The Blueshirts’ depth at center could be a main storyline in Game 5 with Ryan Strome and Filip Chytil both potentially unavailable. Coach Gerard Gallant on Wednesday said both would be game-time decisions. If both are out, Andrew Copp likely slides into the middle.

More on that in a minute.

But first, an acknowledgement of how much the Lightning will benefit if Brayden Point is able to return in this series. He was their second-leading scorer in each of the last two playoffs as the Lightning won back-to-back Stanley Cups. He had 14 goals and nine assists in 23 games last postseason while compiling 14 goals and 19 assists in 23 playoff games in 2020.

Point has been absent from the Lightning’s lineup because of a lower-body injury since Game 7 of the first round against the Maple Leafs.
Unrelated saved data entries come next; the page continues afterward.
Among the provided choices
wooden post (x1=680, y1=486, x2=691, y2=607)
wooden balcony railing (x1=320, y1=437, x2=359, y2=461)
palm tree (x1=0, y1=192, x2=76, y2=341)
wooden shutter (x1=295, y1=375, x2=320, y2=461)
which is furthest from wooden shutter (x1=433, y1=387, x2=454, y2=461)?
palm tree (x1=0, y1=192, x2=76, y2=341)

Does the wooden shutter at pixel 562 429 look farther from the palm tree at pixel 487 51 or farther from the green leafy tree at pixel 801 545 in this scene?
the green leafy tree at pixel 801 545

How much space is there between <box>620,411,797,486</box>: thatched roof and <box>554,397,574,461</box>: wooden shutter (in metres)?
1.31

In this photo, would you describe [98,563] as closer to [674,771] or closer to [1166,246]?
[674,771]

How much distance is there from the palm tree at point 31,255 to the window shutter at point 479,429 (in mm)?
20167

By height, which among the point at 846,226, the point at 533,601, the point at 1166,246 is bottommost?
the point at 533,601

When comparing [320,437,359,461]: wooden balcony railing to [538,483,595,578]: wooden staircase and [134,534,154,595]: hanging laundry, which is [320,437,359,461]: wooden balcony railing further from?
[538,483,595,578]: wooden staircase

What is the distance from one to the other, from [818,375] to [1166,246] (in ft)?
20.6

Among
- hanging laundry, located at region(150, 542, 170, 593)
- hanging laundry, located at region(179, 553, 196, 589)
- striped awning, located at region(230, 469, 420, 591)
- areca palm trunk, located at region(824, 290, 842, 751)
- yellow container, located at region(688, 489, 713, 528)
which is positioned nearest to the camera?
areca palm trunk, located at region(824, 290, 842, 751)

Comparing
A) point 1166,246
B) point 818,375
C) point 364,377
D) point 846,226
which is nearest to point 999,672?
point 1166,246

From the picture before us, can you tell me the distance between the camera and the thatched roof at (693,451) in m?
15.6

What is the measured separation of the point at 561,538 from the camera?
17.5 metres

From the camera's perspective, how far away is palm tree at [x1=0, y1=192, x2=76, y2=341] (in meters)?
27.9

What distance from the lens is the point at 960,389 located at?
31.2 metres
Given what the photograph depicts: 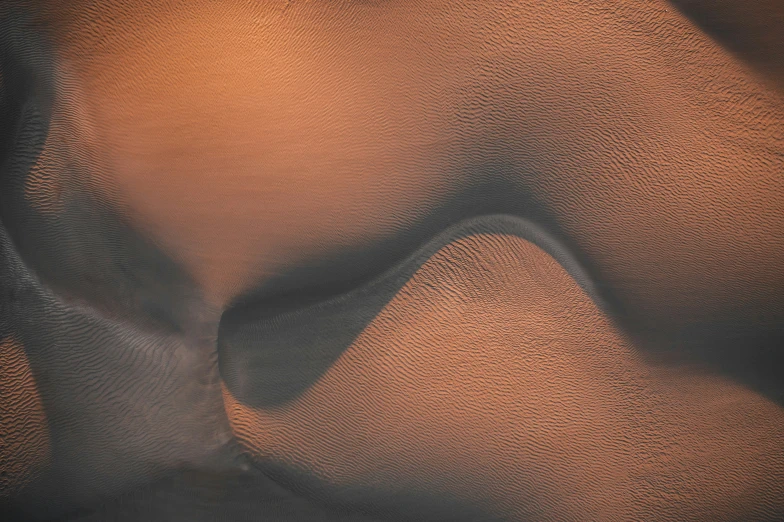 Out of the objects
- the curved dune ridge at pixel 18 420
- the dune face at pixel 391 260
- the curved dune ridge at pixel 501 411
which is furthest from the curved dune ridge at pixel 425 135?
the curved dune ridge at pixel 18 420

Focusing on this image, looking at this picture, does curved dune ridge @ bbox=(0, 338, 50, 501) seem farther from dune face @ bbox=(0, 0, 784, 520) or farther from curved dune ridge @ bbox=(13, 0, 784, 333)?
curved dune ridge @ bbox=(13, 0, 784, 333)

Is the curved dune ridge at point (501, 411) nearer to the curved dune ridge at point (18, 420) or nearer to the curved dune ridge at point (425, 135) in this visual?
the curved dune ridge at point (425, 135)

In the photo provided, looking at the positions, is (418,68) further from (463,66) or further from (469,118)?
(469,118)

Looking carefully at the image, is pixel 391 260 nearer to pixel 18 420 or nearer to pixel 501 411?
pixel 501 411

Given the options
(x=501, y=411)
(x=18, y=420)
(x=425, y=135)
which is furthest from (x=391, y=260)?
(x=18, y=420)

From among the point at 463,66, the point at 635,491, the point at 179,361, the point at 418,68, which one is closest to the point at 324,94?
the point at 418,68

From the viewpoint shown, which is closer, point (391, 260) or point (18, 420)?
point (18, 420) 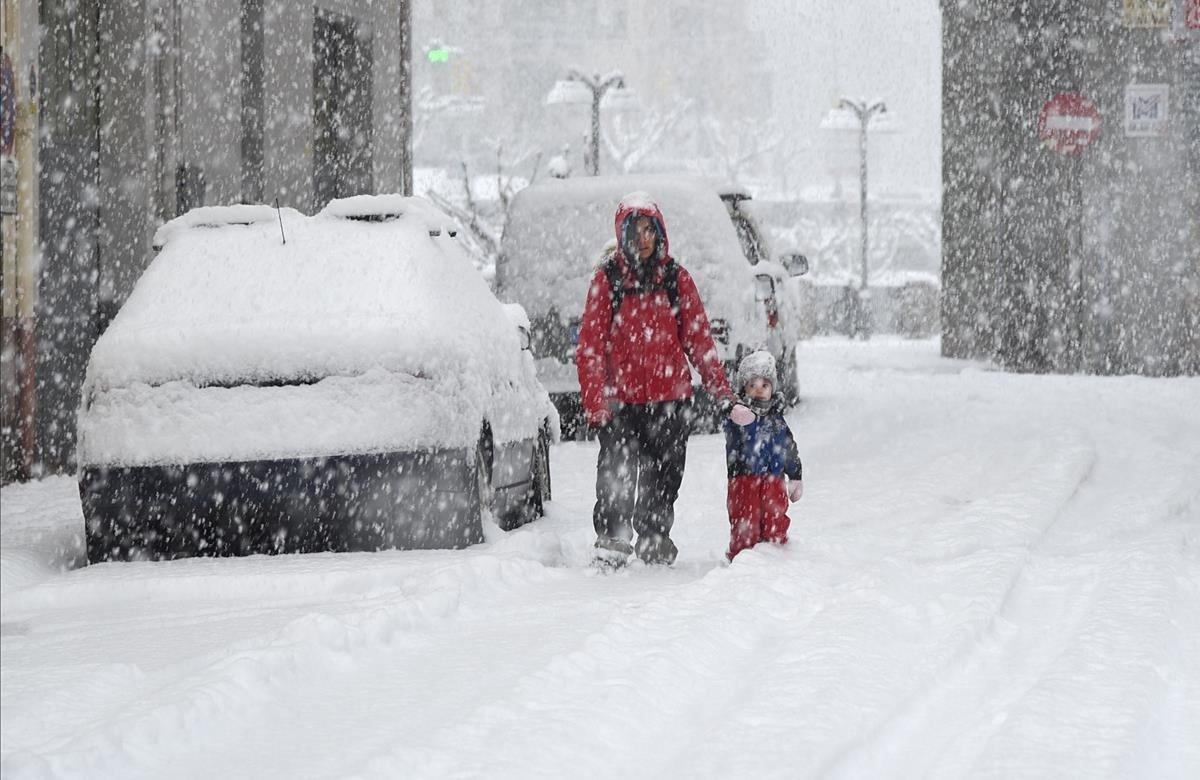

But he’s been skating with equipment since June 1 and has now rejoined his teammates for optional morning skates.

“Now we’re getting into the point where I don’t know if there will be definitive outs,” Lightning coach Jon Cooper said on Wednesday. “I’d be surprised if he plays this next game, honestly. But I’m not going to sit here and say he’s out for the series anymore.”

Now back to the Rangers’ potential problem(s).

Strome exited Game 3 with an apparent knee issue but Gallant expected him to play in Game 4 and Strome even took his regular spot centering Artemi Panarin and Copp during pre-game warmups. But Barclay Goodrow started Game 4 centering the second line instead of Strome while Kevin Rooney drew into the lineup to center the fourth line in Goodrow’s spot.

After the first period, Gallant elevated Panarin to play with Mika Zibanejad, a duo that’s been lethal on the power play but has yet to click consistently during five-on-five play.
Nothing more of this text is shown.